§ Data section

===

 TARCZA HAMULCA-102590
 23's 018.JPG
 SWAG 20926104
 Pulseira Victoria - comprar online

===

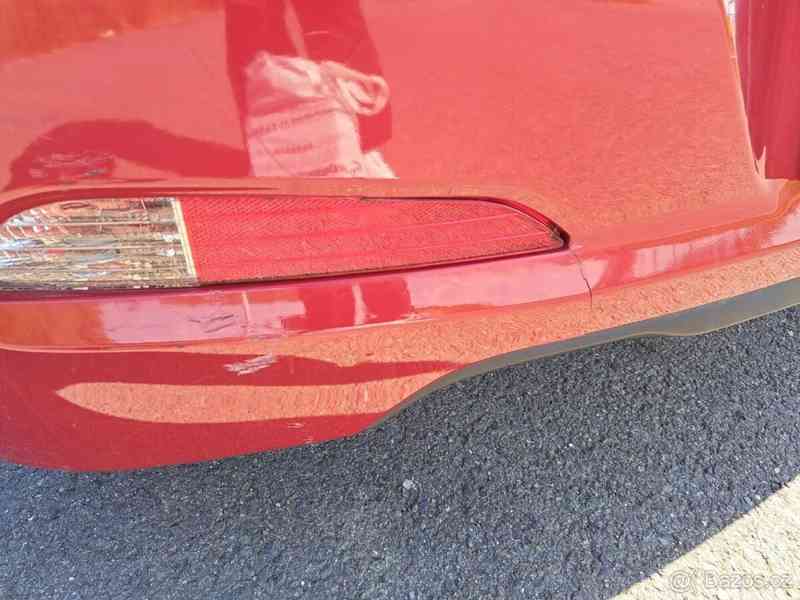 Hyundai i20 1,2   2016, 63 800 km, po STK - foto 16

===

§ Required work
Please copy the lines above from the line with "TARCZA HAMULCA-102590" up to and including the line with "Pulseira Victoria - comprar online", exactly as written and with nothing else.

§ Written response
 TARCZA HAMULCA-102590
 23's 018.JPG
 SWAG 20926104
 Pulseira Victoria - comprar online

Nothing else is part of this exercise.